Before migrating HBase data from Cloudera/HDP to Cloudera Operational Database Public Cloud, you have to understand and perform all the necessary migration preparation tasks.

  • If you are migrating from CDH, configure Ranger ACLs in Cloudera corresponding to the HBase ACLs in your existing CDH cluster.

    For more information, see Configure a resource-based service:HBase.

  • Migrate all applications to use the new HBase-Spark connector because the Spark-HBase connector that you were using in CDH or HDP is no longer supported in Cloudera.

    For more information, see Using the HBase-Spark connector.

  • Ensure that all data has been migrated to a supported encoding type before the migration.
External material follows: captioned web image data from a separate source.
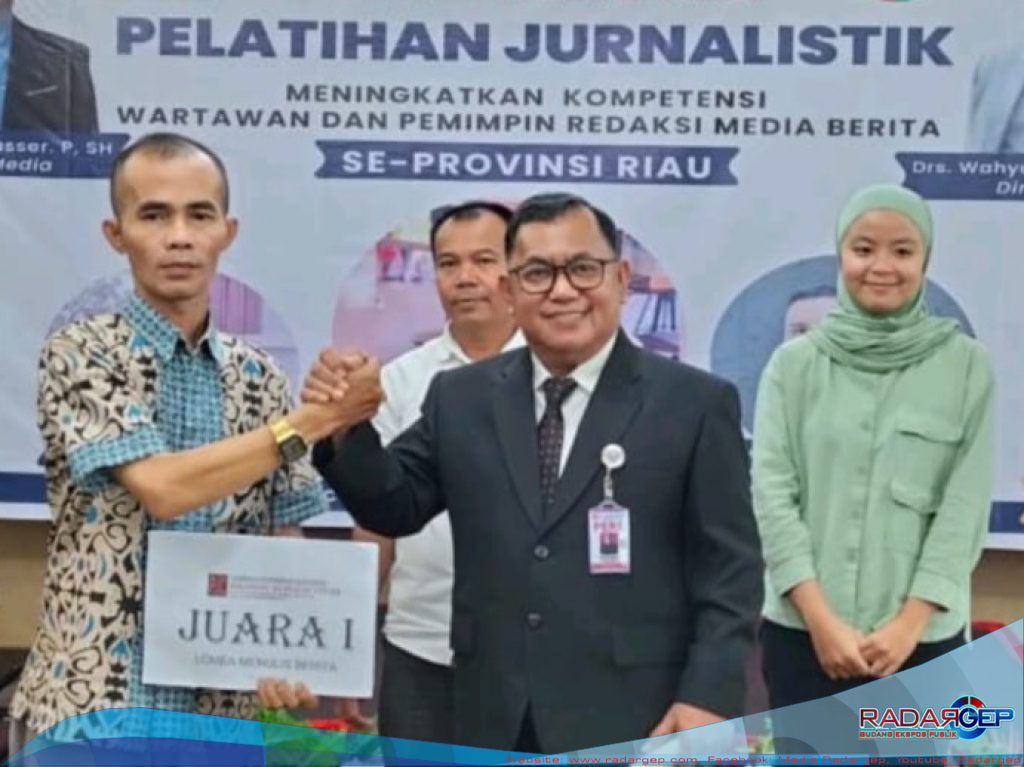 Pemimpin Redaksi NADAVIRAL Raih Juara I, Dihadiahi Sertifikat dan Piagam Penghargaan Sebagai Penulis Terbaik
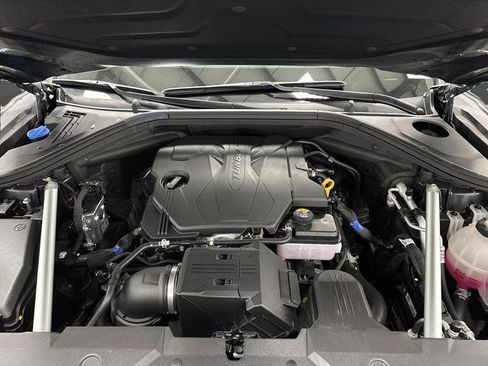 Used 2025 Genesis GV70 2.5T w/ Sport Prestige Package image 38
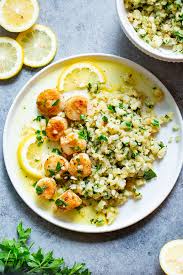 Healthy low carb recipe for scallops ~ lemon garlic baked scallops keto wonkywonderful.recipe ideas for appetising and exclusive low carb dishes, snacks, shakes or dessert variations, packed with protein power! Scallops With Lemon Butter Sauce And Herbed Cauliflower Rice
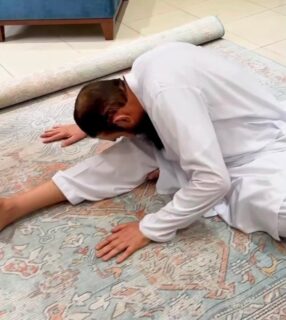 Maulana Tariq Jamils Pictures While Exercising Go Viral On Social Media
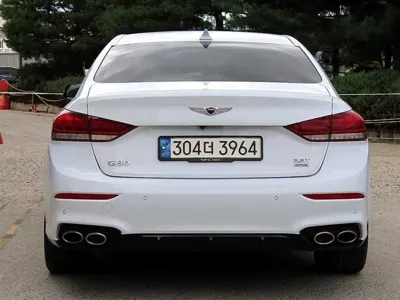 Hyundai Genesis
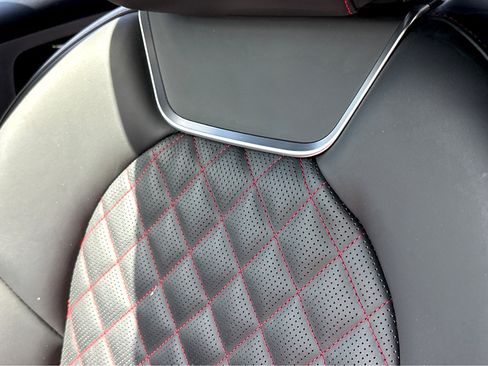 Used 2021 Genesis G70 3.3T w/ Sport Package image 6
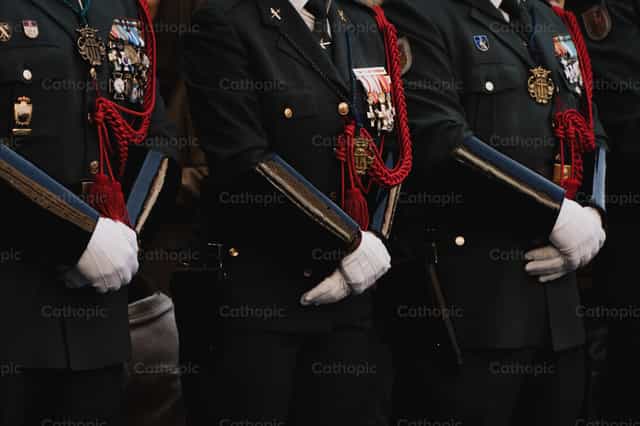 Uniforme militar - Banco de imágenes católicas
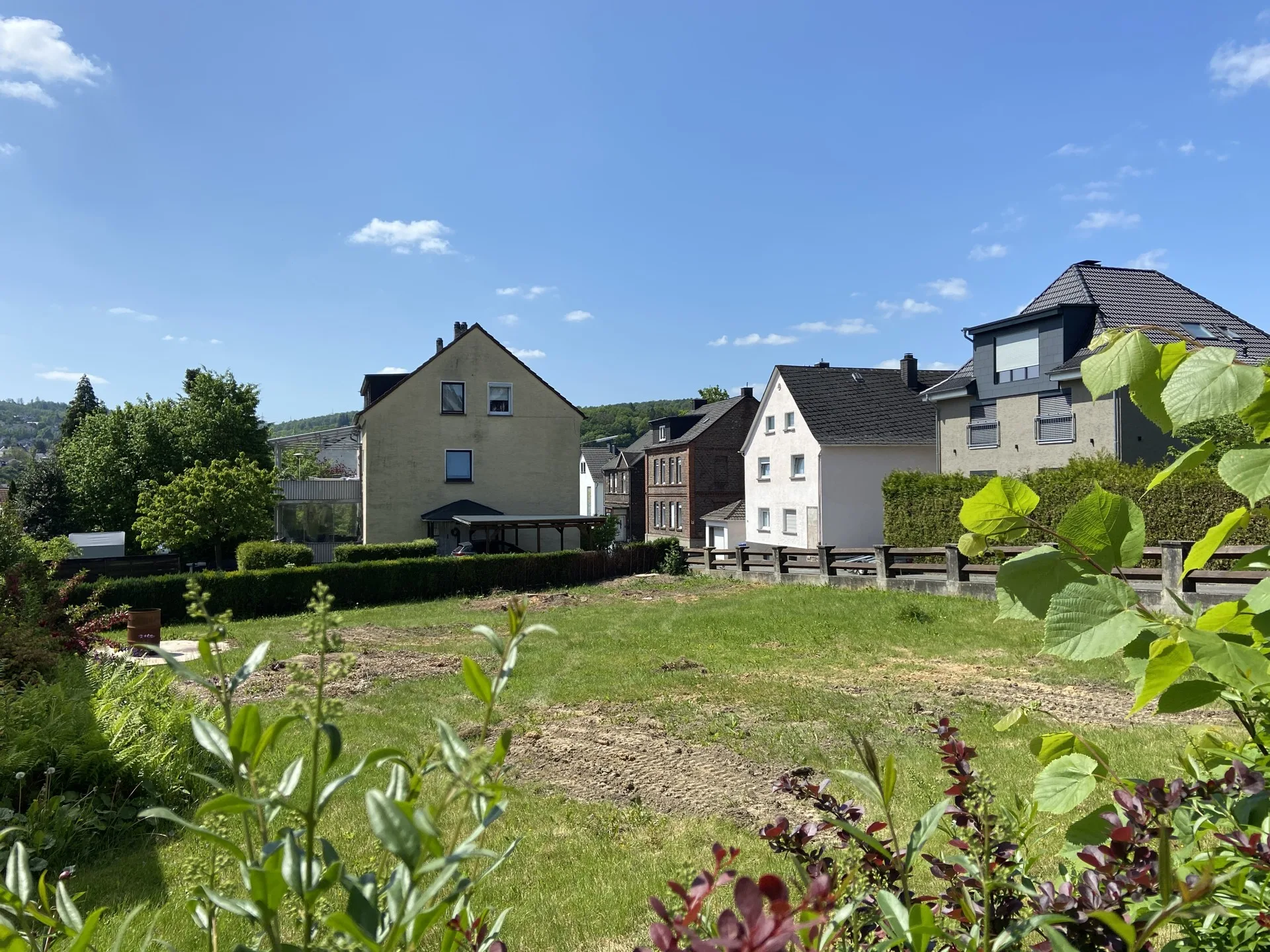 Zentral gelegenes Baugrundstück mit Baugenehmigung für ein MFH - ideal für Investoren!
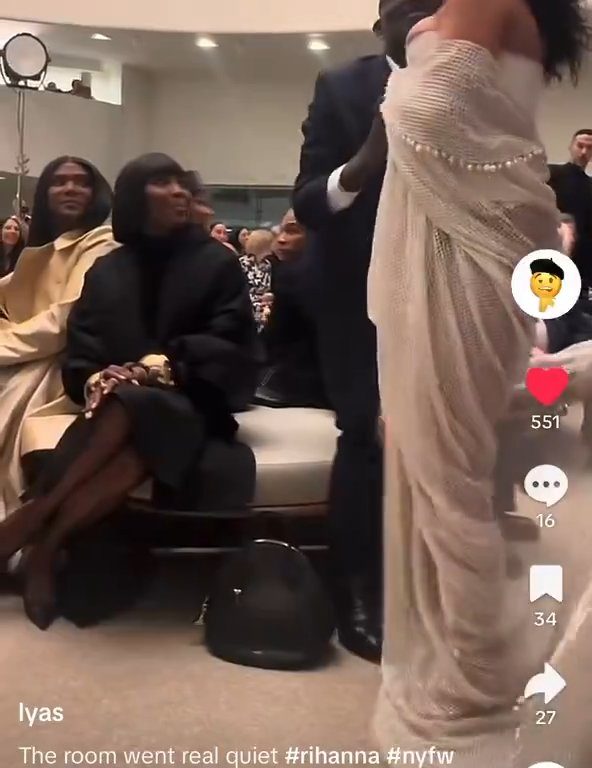 Rihanna ignora Naomi Campbell durante sfilata: video virale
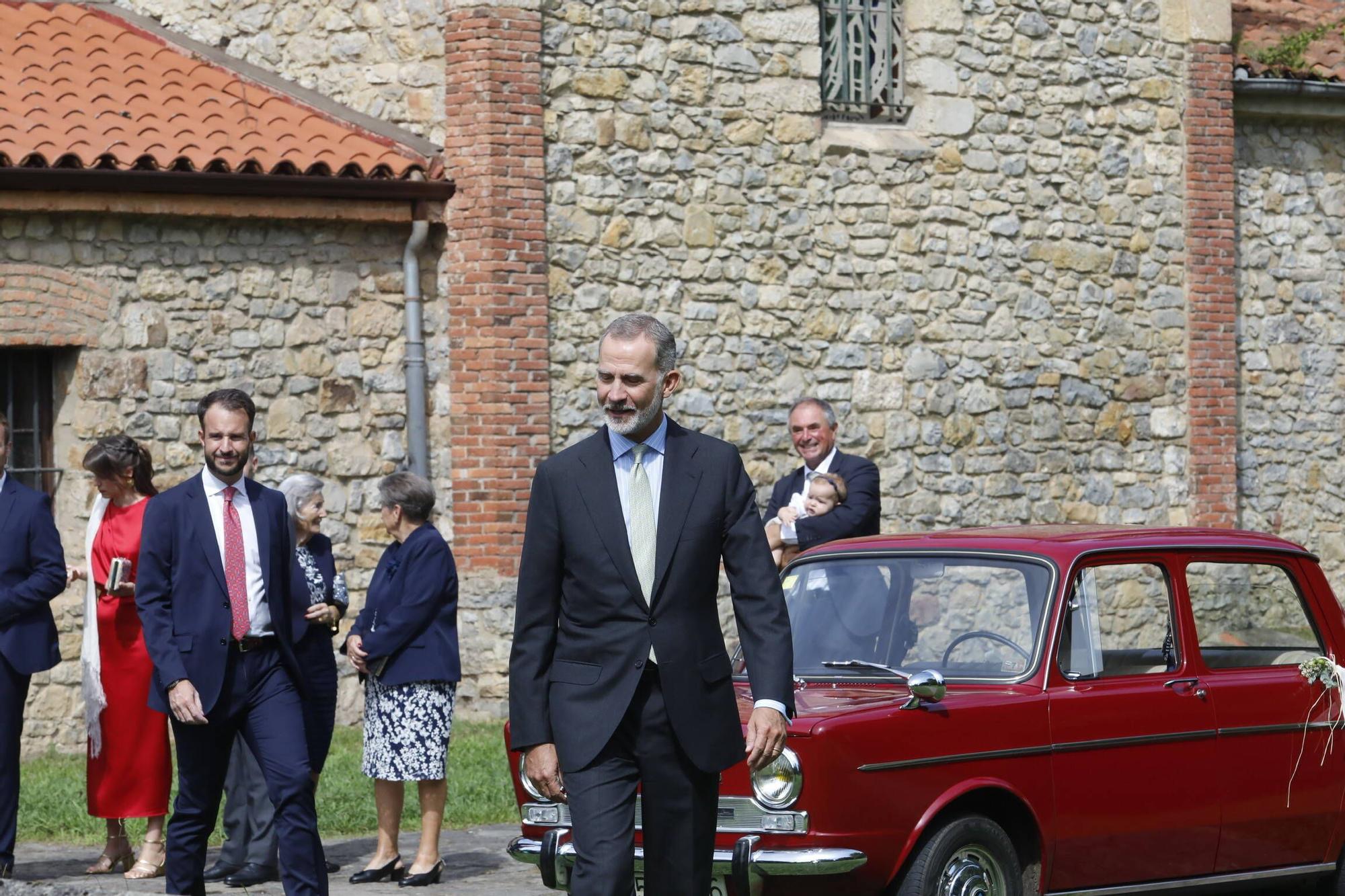 El Rey Felipe VI, testigo de excepción en la boda de su ahijado en Gijón (en imágenes)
For more information, see Removing PREFIX_TREE Data Block Encoding . This step is applicable for HBase 1.x when you are migrating data from HDP 2 or CDH 5. This step is not applicable for HBase 2.x.
  • Ensure that your HFiles are compatible with the version Apache HBase in Cloudera. For more information, see Validating HFiles.
  • Ensure that you upgrade any external or third-party co-processors manually because they are not automatically upgraded during migration. Ensure that your co-processor classes are compatible with Cloudera. For more information, see Checking co-processor classes.
  • Review the deprecated APIs and incompatibilities when upgrading from HDP 2.x or CDH 5.x to Cloudera. For more information, see HBase in Deprecation notices in Cloudera Runtime.
  • Install Cloudera Replication Plugin on the source cluster.
  • On the target Cloudera Operational Database cluster, make sure ZooKeeper (2181) and RegionServer (16020) ports are opened for the IP addresses of all RegionServers in the source cluster.

    For AWS, this involves editing the Security Groups which are in use by the Cloudera Operational Database cluster.

  • Ensure that all the RegionServers' hosts in the Cloudera Operational Database cluster are resolvable by both the IP and name addresses by all the RegionServers' hosts in the source cluster.